Given data
◇ ◇ ◇ ◇
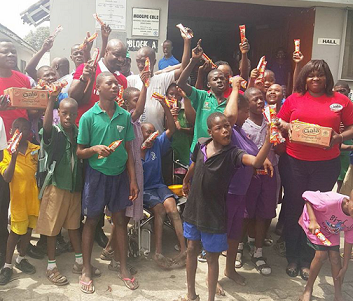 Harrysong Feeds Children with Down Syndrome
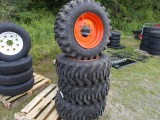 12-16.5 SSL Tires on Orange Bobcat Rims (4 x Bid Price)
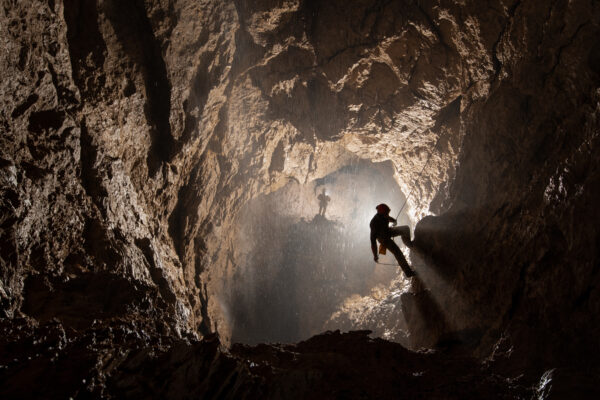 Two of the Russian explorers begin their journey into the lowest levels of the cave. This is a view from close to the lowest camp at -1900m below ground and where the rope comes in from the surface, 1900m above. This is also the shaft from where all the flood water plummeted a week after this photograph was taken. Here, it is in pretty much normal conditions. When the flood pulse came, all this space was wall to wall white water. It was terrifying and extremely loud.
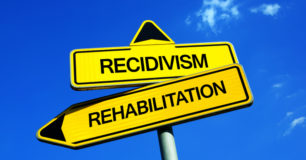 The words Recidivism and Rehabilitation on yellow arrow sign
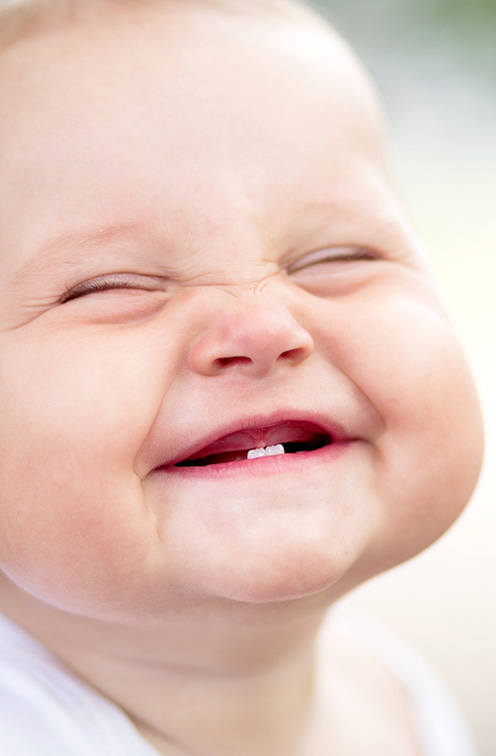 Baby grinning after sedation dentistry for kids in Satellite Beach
◇ ◇ ◇ ◇
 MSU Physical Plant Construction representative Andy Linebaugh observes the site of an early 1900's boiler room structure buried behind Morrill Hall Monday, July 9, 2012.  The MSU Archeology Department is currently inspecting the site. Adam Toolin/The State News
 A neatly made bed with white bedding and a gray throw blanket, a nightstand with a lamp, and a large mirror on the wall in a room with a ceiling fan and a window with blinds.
◇ ◇ ◇ ◇
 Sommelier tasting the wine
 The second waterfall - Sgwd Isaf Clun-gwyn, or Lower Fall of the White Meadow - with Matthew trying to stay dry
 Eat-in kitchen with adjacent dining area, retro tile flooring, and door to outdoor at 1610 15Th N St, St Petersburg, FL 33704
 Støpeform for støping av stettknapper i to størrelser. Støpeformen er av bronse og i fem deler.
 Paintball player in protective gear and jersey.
◇ ◇ ◇ ◇
In the entries above, find the line containing "Harrysong Feeds Children with Down Syndrome" and the line containing "Baby grinning after", then copy both and every line between them exactly, without any picture.

 Harrysong Feeds Children with Down Syndrome
 12-16.5 SSL Tires on Orange Bobcat Rims (4 x Bid Price)
 Two of the Russian explorers begin their journey into the lowest levels of the cave. This is a view from close to the lowest camp at -1900m below ground and where the rope comes in from the surface, 1900m above. This is also the shaft from where all the flood water plummeted a week after this photograph was taken. Here, it is in pretty much normal conditions. When the flood pulse came, all this space was wall to wall white water. It was terrifying and extremely loud.
 The words Recidivism and Rehabilitation on yellow arrow sign
 Baby grinning after sedation dentistry for kids in Satellite Beach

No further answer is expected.